Last, the husband argues that it was an abuse of discretion for the magistrate to order him "to pay [the wife] Two Thousand ($2,000.00) Dollars representing a VISA charge that was incurred at the time that his automobile was purchased." Section 15-5-16.1 governs the equitable distribution of marital property. Such an order will be overturned by this Court only if the assignment constitutes an abuse of discretion. Stanzler v. Stanzler, 560 A.2d 342, 345 (R.I. 1989); see also Olivieri v. Olivieri, 760 A.2d 1246, 1250-51 (R.I. 2000). The husband testified that he used a $700 advance from the wife's credit card to pay for the taxes and registration fees that were due when he purchased a new truck. Moreover, the wife explained that the husband used her credit card to make repairs on her 1989 Oldsmobile before it was sold and then used the proceeds from the sale of that vehicle, $2,500, to pay off the balance due on his own credit card. In addition, according to the wife, the husband used a $1,400 cash advance on the wife's credit card to register and pay taxes due on his new truck.
In dividing the marital estate, the magistrate determined that there was no compensable fault on the part of either party. Therefore, he decided that each party would be entitled to 50 percent of the marital estate. In addition, however, mindful of the above-referenced transactions, he allowed the husband to keep his new truck, but ordered him to pay $2,000 to the wife for the expenses he incurred in connection with that vehicle's purchase. Under the circumstances, in light of the wife's illness and the husband's ability to earn extra income, we conclude that this portion of the final decree did not constitute an abuse of discretion.
For these reasons, we deny the husband's appeal in part and sustain it in part. We sustain the appeal with respect to the child-support award --vacating only the 20 percent add-on portion of that award -- and remand for a new hearing, findings, and order on the appropriate amount of child support that the husband should pay to the wife. Any deviations from the child-support guidelines must be supported by specific findings justifying such a variance based upon the equitable and financial circumstances of this particular case, rather than upon some arbitrary, uniform "add on" percentage of the guideline amount of child support. We next deny the appeal with respect to the award of alimony, counsel fees, and deposition costs; therefore, we decline to vacate that part of the amended decision pending entry of a final judgment and the final judgment of divorce that ordered the husband to make such payments to the wife. But we also sustain the husband's appeal and vacate that part of the decision compelling him either to host the children at his brother's residence during days when he has visitation, or to pay for a babysitter. Thus, we remand for further proceedings and additional findings concerning these issues. We also vacate those portions of the final divorce judgment that are inconsistent with this decision. Finally, we deny the appeal with respect to the disputed credit-card charges and the $2,000 payout with respect to same. On remand, we direct the Family Court to enter a new order on child support and visitation after holding the requisite hearings and making the appropriate findings, and to enter a new final judgment of divorce consistent with its findings.

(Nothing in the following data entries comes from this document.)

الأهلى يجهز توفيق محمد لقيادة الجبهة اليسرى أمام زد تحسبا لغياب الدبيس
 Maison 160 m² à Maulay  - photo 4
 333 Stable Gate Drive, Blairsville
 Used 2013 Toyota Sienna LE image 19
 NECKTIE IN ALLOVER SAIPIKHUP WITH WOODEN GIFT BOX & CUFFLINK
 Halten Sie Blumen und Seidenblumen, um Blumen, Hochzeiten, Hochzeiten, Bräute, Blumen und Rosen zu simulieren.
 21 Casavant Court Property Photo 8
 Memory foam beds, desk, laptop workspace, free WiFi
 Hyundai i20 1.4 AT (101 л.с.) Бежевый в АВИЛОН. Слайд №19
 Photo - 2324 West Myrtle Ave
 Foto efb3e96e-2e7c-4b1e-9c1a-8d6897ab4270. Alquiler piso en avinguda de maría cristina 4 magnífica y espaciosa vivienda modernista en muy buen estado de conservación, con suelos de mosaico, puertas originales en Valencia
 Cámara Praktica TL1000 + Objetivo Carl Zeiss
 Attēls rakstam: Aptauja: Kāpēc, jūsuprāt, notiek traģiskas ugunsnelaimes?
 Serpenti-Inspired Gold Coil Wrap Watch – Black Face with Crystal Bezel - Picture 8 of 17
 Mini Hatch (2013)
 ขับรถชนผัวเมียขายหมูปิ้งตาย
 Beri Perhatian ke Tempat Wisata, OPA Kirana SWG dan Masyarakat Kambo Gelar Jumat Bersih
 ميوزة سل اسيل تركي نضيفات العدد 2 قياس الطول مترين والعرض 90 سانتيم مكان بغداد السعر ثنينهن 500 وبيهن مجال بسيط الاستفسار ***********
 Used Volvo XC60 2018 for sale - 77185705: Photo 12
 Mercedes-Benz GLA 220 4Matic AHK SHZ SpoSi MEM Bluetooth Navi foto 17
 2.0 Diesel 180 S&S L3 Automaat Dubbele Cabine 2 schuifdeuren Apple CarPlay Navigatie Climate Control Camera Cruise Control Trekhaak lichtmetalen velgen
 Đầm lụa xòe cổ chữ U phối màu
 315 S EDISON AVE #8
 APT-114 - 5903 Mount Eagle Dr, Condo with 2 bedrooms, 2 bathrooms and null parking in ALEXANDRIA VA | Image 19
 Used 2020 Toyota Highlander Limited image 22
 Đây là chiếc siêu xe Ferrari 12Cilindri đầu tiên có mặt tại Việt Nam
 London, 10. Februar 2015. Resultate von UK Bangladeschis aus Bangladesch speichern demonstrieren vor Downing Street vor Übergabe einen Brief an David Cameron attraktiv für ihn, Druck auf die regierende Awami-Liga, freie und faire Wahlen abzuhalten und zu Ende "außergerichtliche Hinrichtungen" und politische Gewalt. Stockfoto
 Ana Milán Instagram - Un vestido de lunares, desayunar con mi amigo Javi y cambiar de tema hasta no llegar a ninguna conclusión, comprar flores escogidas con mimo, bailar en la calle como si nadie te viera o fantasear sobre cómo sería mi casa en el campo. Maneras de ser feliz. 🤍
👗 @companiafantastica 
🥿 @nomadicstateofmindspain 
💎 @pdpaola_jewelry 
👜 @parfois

1. Although the record contains various spellings for the name of the parties' daughter, we adopt the version that appears to be the most prevalent: namely, Mikayla. The year of birth for the parties' son, Eric, appears throughout the record as either 1991 or 1992. At trial, the mother indicated through her attorney that the correct year of birth was 1991. Thus, we shall use 1991 as Eric's year of birth.
2. The record on appeal contained no amended decision pending the entry of a final judgment, only the final judgment itself. Because the terms of the final judgment are consistent with the magistrate's previous ruling on the motion to amend, we refer herein to the final judgment as embodying the court's amended decision pending the entry of the final judgment.
3. Although the magistrate initially set the husband's earnings cap before alimony at $406, he later amended his decision to reflect a weekly earning cap of $517. This new monetary amount is reflected in the final judgment of divorce.